_Problem requirements_.
Print exactly and only the lines that run from the one containing "Joe's No-flats Kettingsmeermiddel" through the end of the material, please, omitting pictures.
Material provided section start
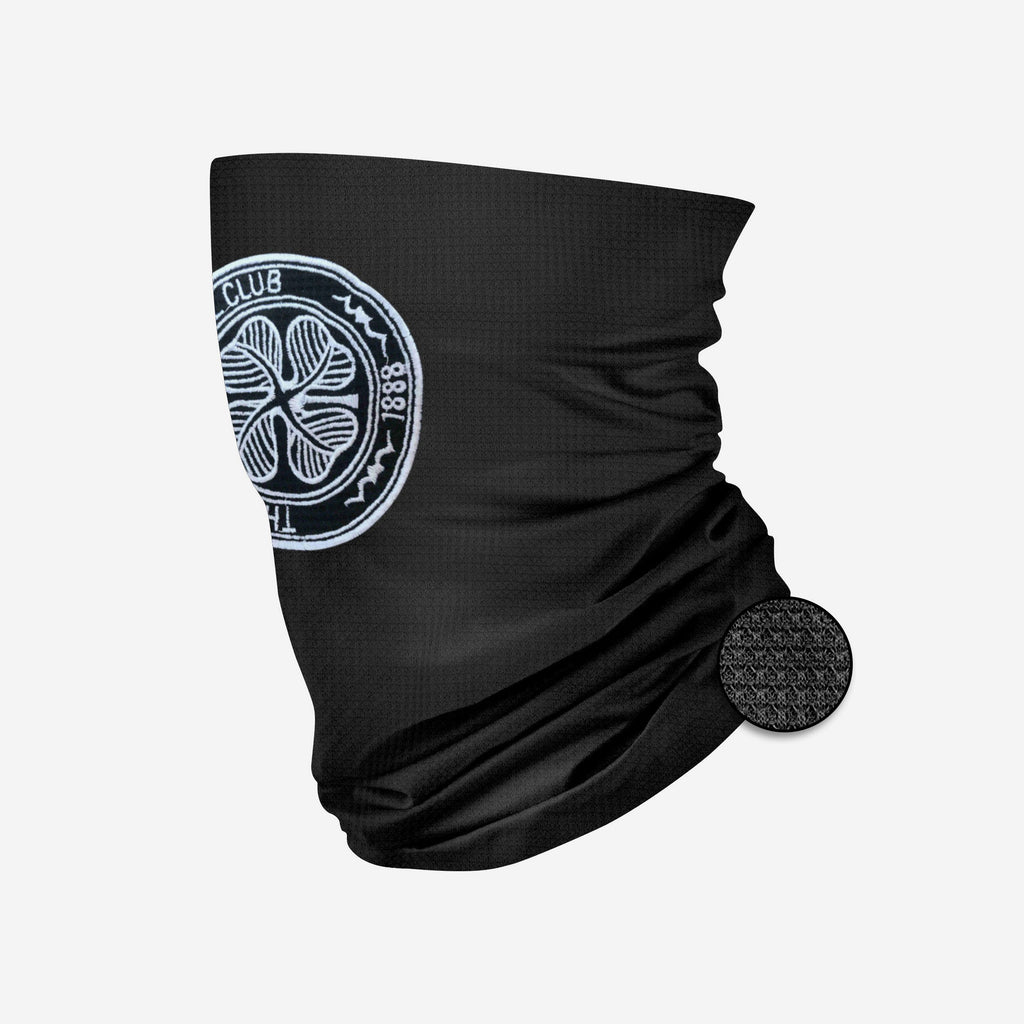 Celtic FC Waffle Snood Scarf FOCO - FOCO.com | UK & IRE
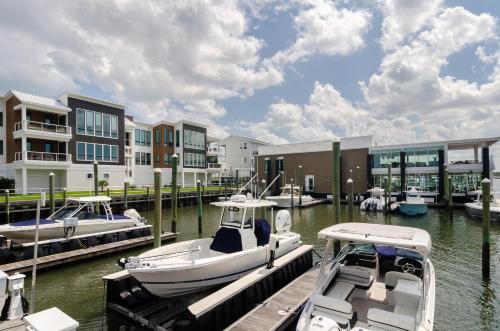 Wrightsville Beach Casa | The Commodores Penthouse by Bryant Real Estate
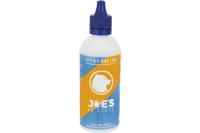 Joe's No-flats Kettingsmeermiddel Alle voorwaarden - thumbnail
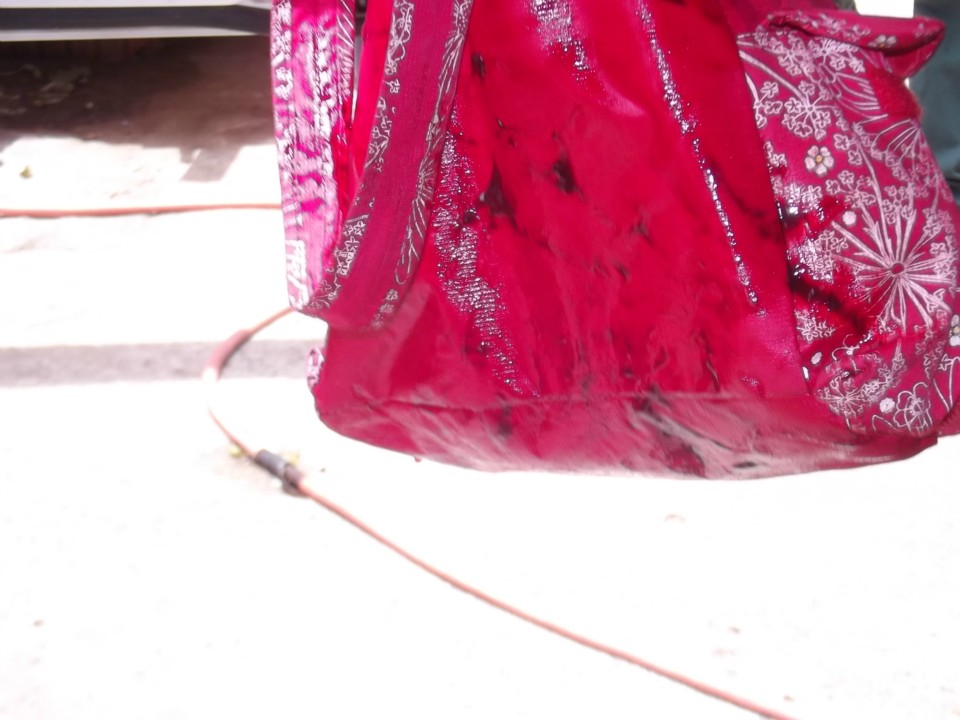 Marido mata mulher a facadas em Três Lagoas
Material provided section end
_Response to the task_.
 Joe's No-flats Kettingsmeermiddel Alle voorwaarden - thumbnail
 Marido mata mulher a facadas em Três Lagoas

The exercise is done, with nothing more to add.